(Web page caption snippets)

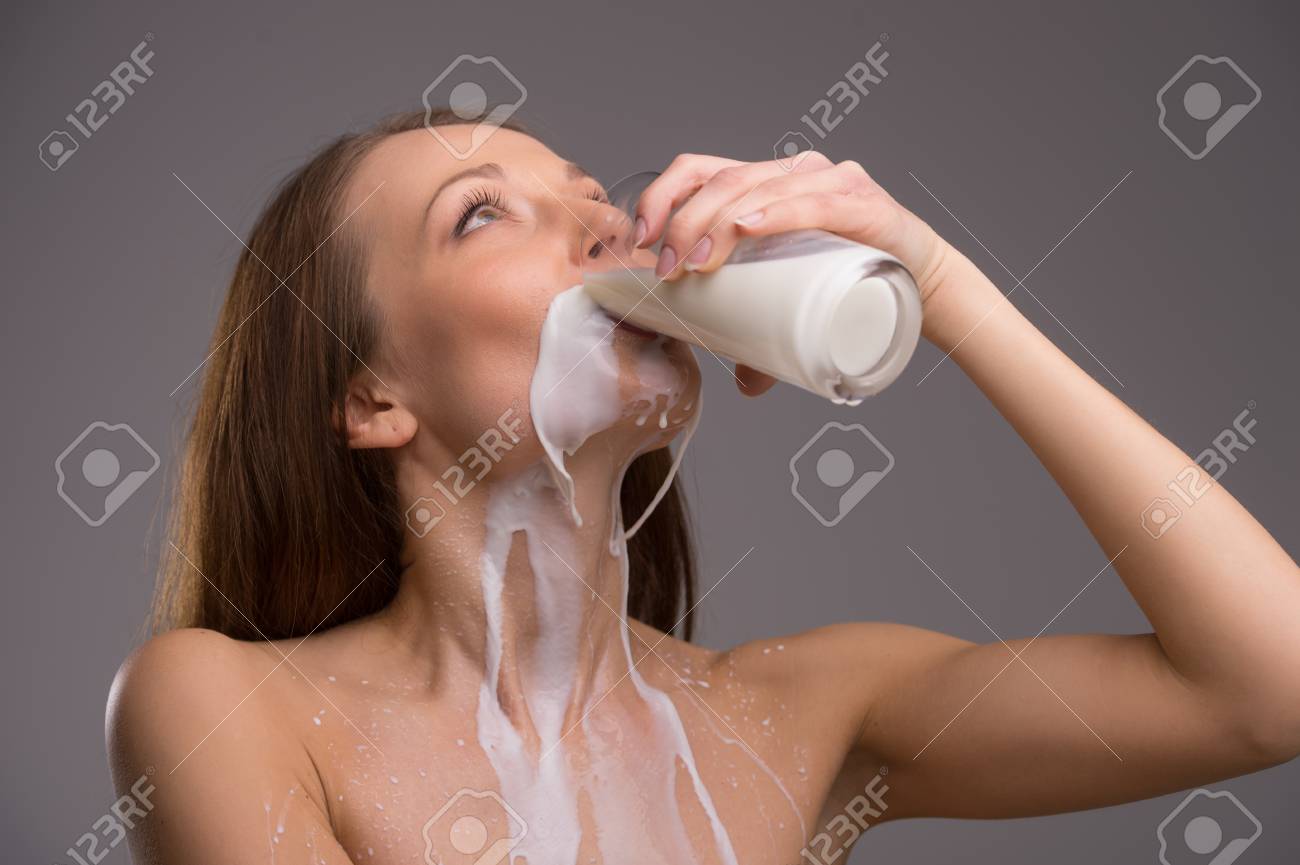 23531255-woman-drinking-milk-beautiful-woman-drinking-milk-isolated-on-grey.jpg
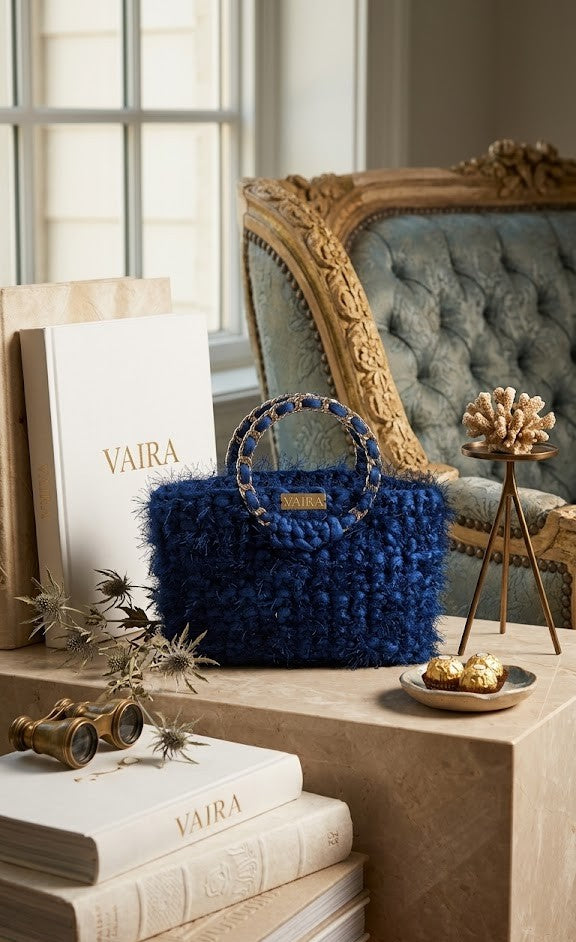 Μπλε statement bag Vibra με χειροποίητη πλέξη και χρυσή μεταλλική ταυτότητα VAIRA. Η χαρακτηριστική shaggy υφή και η λεπτομέρεια στη λαβή την καθιστούν ένα μοναδικό αξεσουάρ υψηλής ραπτικής.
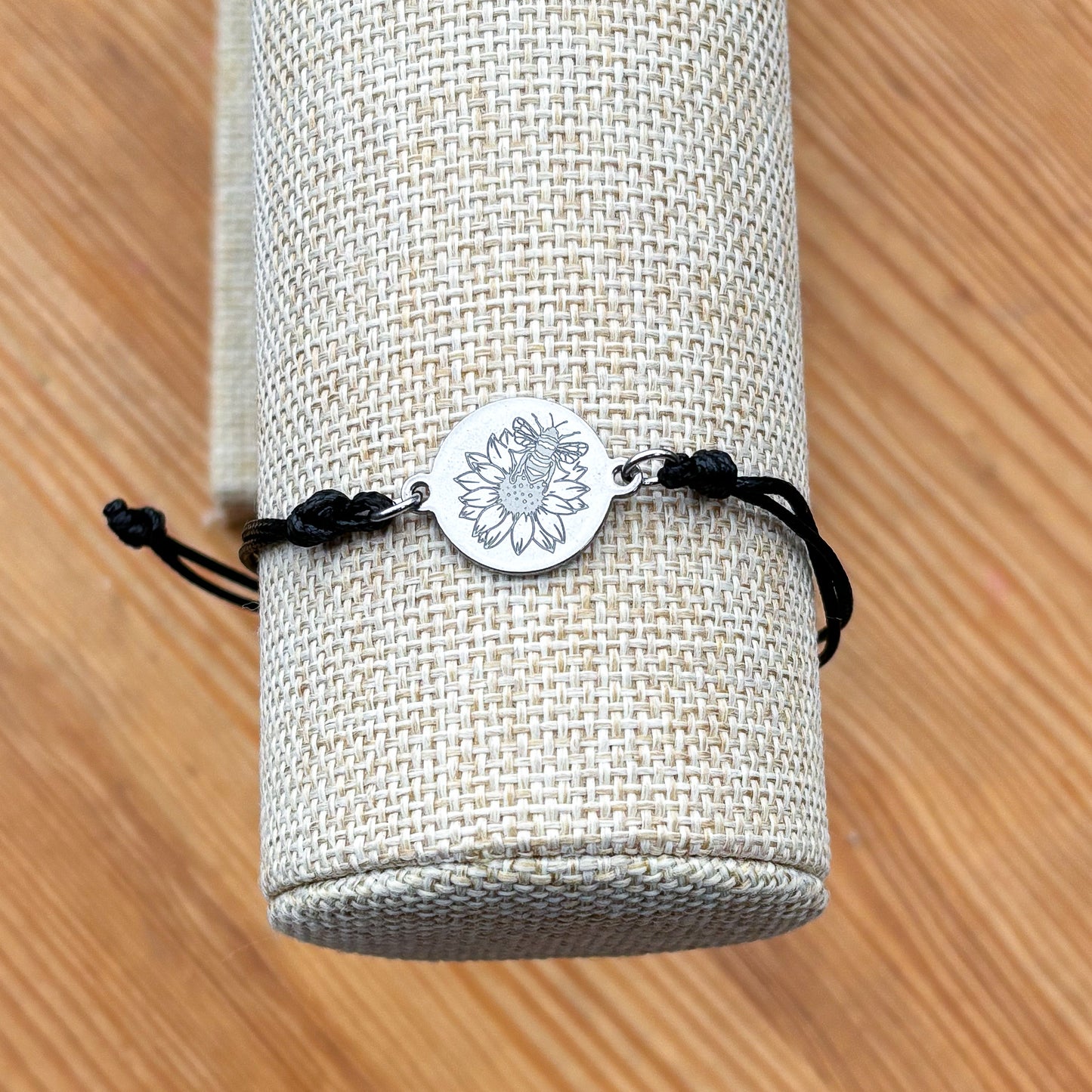 Bumble bee on sunflower on 21mm round silver on thin cord black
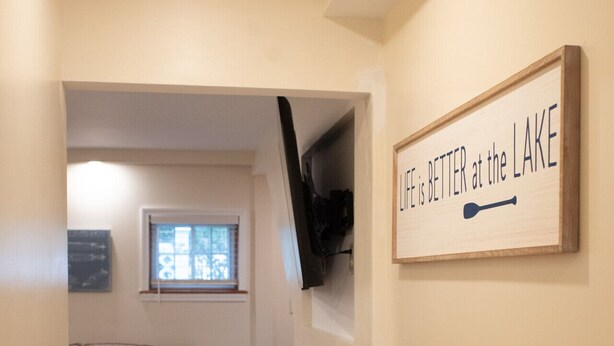 A hallway with a wooden floor, a couch, a TV mounted on the wall, and a sign that reads "Life is better at the lake". - The Nautilus at JS Hubbs Guest House (Hammondsport)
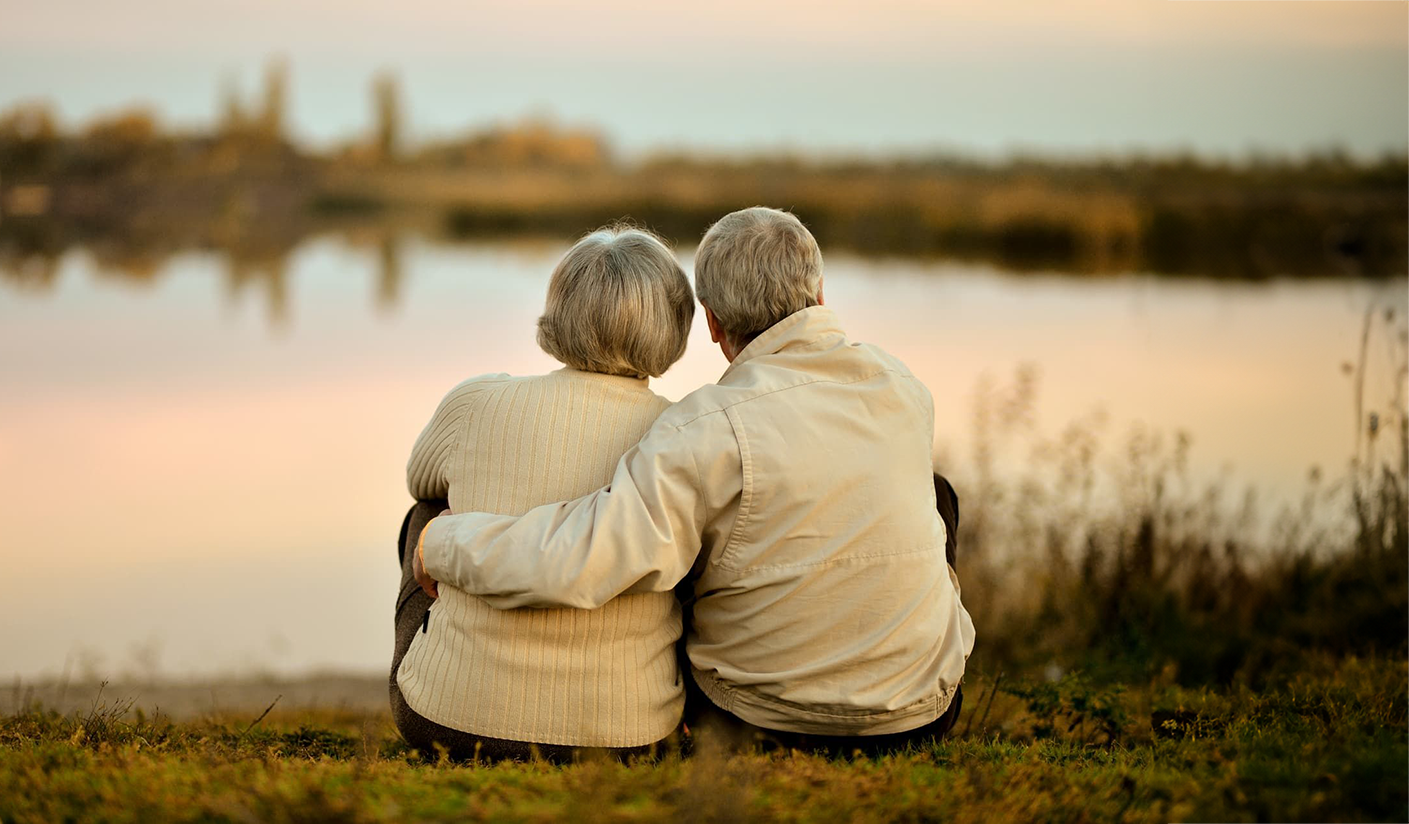 Green notebook with pen, candle, and preserved plant on a wooden surface.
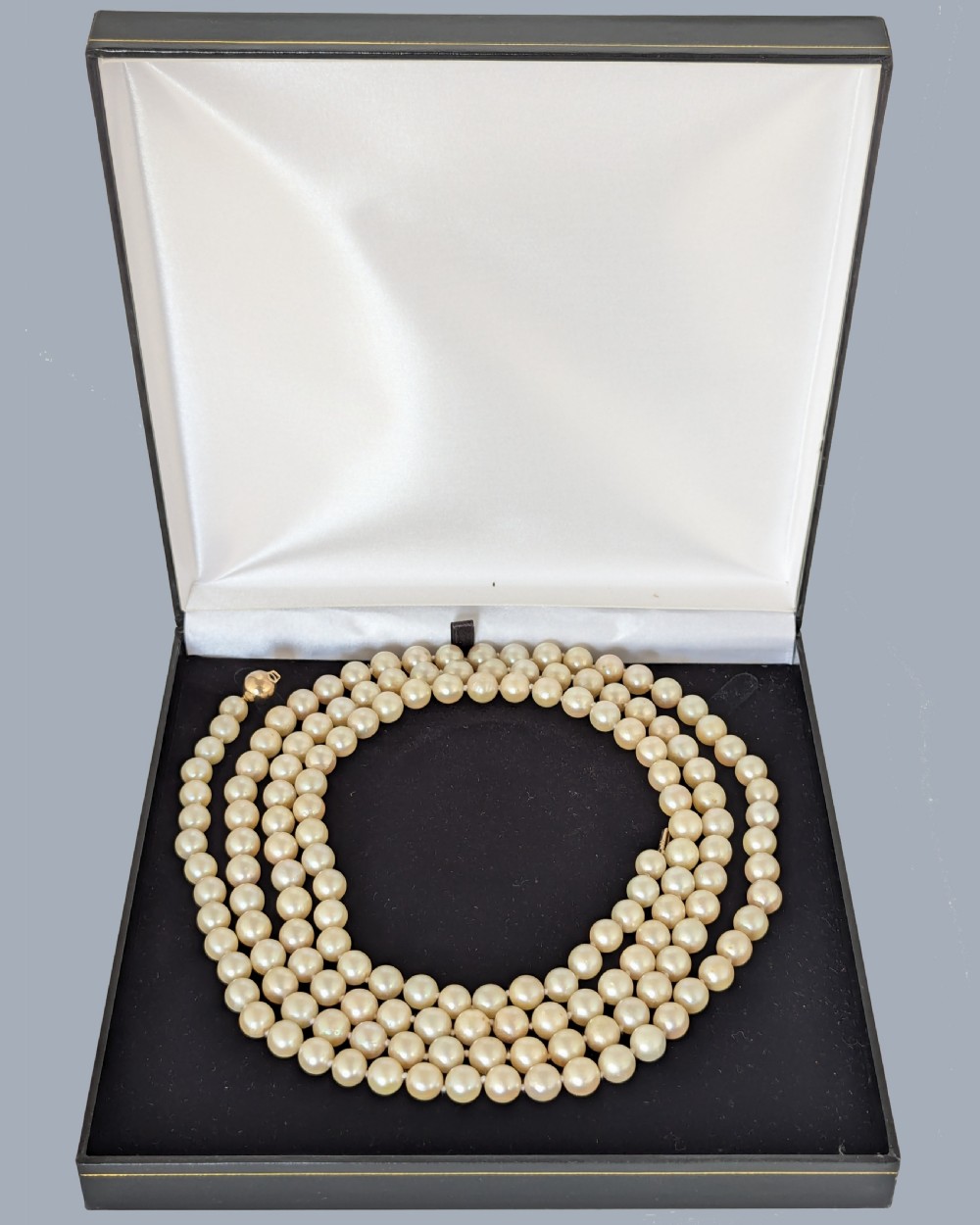 A long vintage cultured pearl sautoir necklace layered in multiple loops around a neck, featuring a small spherical gold clasp. View XI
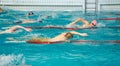 Men swimming in a pool in blue water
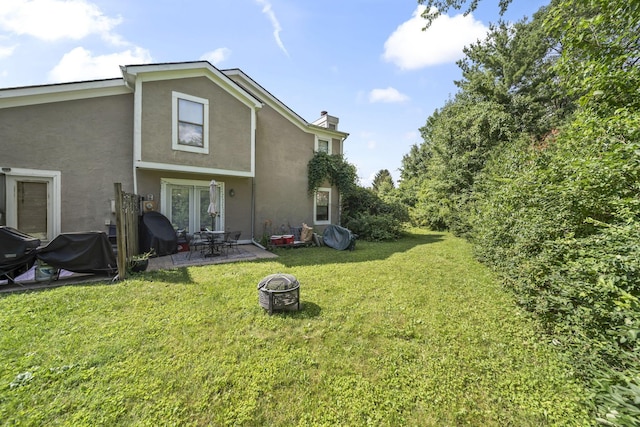 1290 Paddington Ct, Columbus, OH 43230 - back of house with stucco siding, a lawn, a chimney, a patio area, and an outdoor fire pit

### AIM OF THE EXERCISE
The expected response is every entry above, repeated exactly, pictures removed.

### RESULT OF THIS EXERCISE
 23531255-woman-drinking-milk-beautiful-woman-drinking-milk-isolated-on-grey.jpg
 Μπλε statement bag Vibra με χειροποίητη πλέξη και χρυσή μεταλλική ταυτότητα VAIRA. Η χαρακτηριστική shaggy υφή και η λεπτομέρεια στη λαβή την καθιστούν ένα μοναδικό αξεσουάρ υψηλής ραπτικής.
 Bumble bee on sunflower on 21mm round silver on thin cord black
 A hallway with a wooden floor, a couch, a TV mounted on the wall, and a sign that reads "Life is better at the lake". - The Nautilus at JS Hubbs Guest House (Hammondsport)
 Green notebook with pen, candle, and preserved plant on a wooden surface.
 A long vintage cultured pearl sautoir necklace layered in multiple loops around a neck, featuring a small spherical gold clasp. View XI
 Men swimming in a pool in blue water
 1290 Paddington Ct, Columbus, OH 43230 - back of house with stucco siding, a lawn, a chimney, a patio area, and an outdoor fire pit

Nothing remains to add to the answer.